Setiap tanggal 25 November, yang juga bertepatan dengan Hari Ulang Tahun PGRI, lagu ini menjadi simbol penghormatan terhadap profesi pendidik di Indonesia.
Lagu ini diciptakan oleh Sartono, seorang mantan guru seni musik honorer di SMP Katolik Santo Bernardus, Madiun, Jawa Timur.
Pria kelahiran Madiun, 29 Mei 1936 ini belajar musik secara otodidak dan dikenal sebagai satu-satunya guru seni musik di wilayahnya yang mampu membaca not balok pada tahun 1978.

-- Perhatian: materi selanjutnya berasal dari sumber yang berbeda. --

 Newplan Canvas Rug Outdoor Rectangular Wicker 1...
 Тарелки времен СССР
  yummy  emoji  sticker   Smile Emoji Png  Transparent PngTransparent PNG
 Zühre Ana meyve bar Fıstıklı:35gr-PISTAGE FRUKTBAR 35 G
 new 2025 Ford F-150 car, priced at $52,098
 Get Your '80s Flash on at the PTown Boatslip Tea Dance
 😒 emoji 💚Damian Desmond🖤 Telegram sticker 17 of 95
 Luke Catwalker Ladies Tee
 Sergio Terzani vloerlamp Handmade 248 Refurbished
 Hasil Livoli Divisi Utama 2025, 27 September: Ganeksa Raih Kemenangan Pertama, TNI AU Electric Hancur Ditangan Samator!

Dengan keterbatasan alat musik saat itu, ia menciptakan melodi lagu ini hanya dengan bersiul sambil menuliskan notnya.
“Hymne Guru” awalnya dibuat untuk mengikuti sayembara penciptaan lagu Hymne Guru yang diselenggarakan oleh Departemen Pendidikan Nasional (kini Kemendikbudristek) dalam rangka memperingati Hari Pendidikan Nasional pada awal 1980-an.
Berkat kontribusinya,Ia memperoleh beberapa hadiah penghargaan dari Kemendikbud pada tahun 2000 dan 2005.

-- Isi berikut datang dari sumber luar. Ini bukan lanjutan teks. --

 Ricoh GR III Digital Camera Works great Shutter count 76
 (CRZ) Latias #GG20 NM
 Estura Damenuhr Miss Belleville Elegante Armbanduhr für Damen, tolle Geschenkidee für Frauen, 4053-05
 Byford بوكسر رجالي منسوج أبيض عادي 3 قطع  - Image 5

Karya Sartono berhasil memenangkan sayembara tersebut dan kemudian ditetapkan sebagai lagu wajib nasional pada tahun 1987.

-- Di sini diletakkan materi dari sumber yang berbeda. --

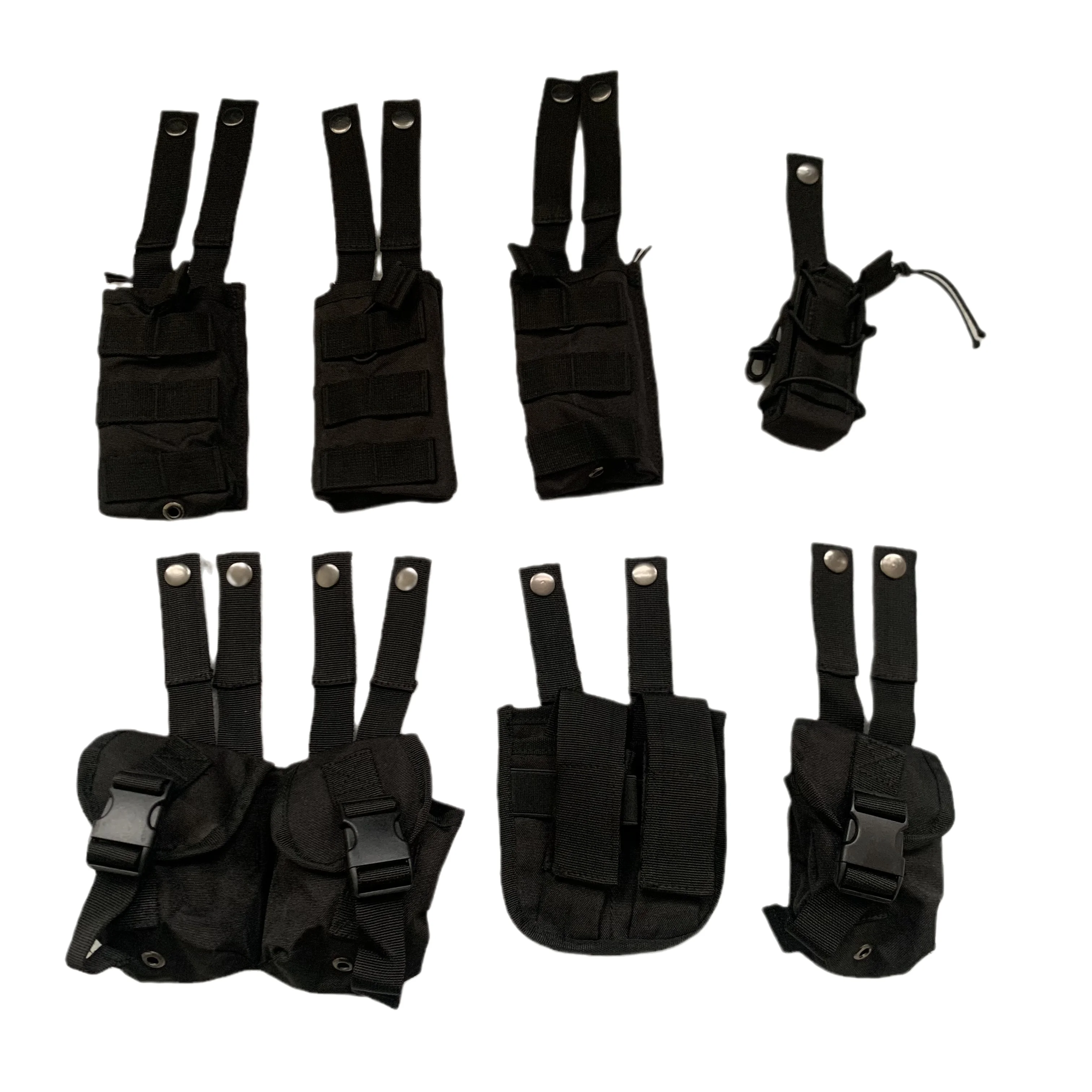 Paquete de accesorios individuales y dobles, accesorio Universal 6B45, traje de protección completo EMR, colgante Molle, subpaquete desmontable - imagen 4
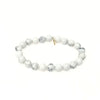 Howlite Crystal Bracelet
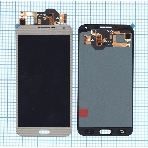 Дисплей для Samsung Galaxy E7 SM-E700 OLED золотой, фото2
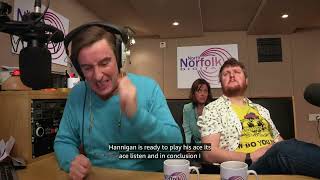 Alan Partridge Playhouse Radio play pt2  Range Rover 🐄🐮 [upl. by Assilem]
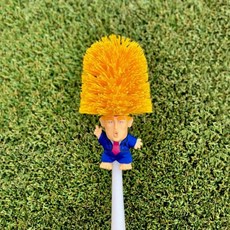 도널드 트럼프 변기 브러시 청소하세요 도구 욕실, 1pcs, 1개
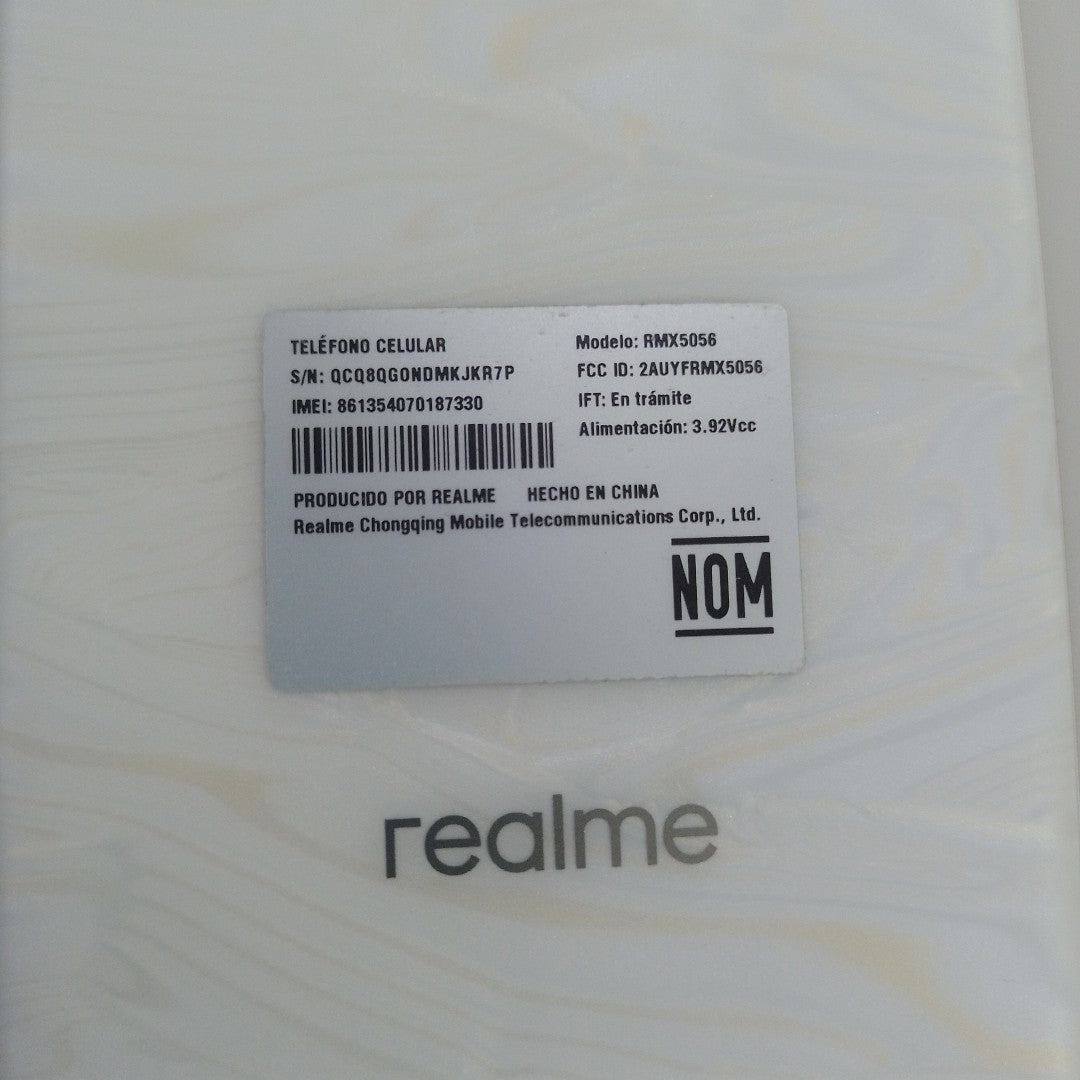 CELULAR REALME 14 PRO 5G RMX5056 (2025) 256 GB 8 GB RAM (SEMINUEVO)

Lagu ini mencurahkan semua ekspresi terima kasih dan penghargaan mendalam dari siswa kepada guru.
Lirik seperti “Namamu akan selalu hidup dalam sanubariku” dan “Semua baktimu akan kuukir di dalam hatiku, sebagai prasasti terima kasihku” menegaskan bahwa jasa dan pengabdian guru akan dikenang selamanya.
Selain mendidik, guru diibaratkan sebagai penerang yang menghilangkan ketidaktahuan, “embun penyejuk dalam kehausan” yang memberi ilmu pengetahuan, serta pahlawan yang berjuang tanpa senjata melalui pendidikan.
Lirik lama yang berbunyi, “Engkau patriot pahlawan bangsa, tanpa tanda jasa,” kemudian diubah menjadi, “Engkau patriot pahlawan bangsa, pembangun insan cendekia.”
Perubahan ini disahkan melalui Surat Edaran PGRI Nomor 447/UM/PB/XIX/2007 yang dikeluarkan pada 27 November 2007.
Frasa “tanpa tanda jasa” dinilai beberapa pihak merendahkan martabat profesi guru, sehingga penggantian menjadi “pembangun insan cendekia” dianggap lebih mulia dan mencerminkan peran besar guru dalam mencetak generasi penerus yang cerdas dan berprestasi, sekaligus menegaskan kehormatan tinggi profesi guru.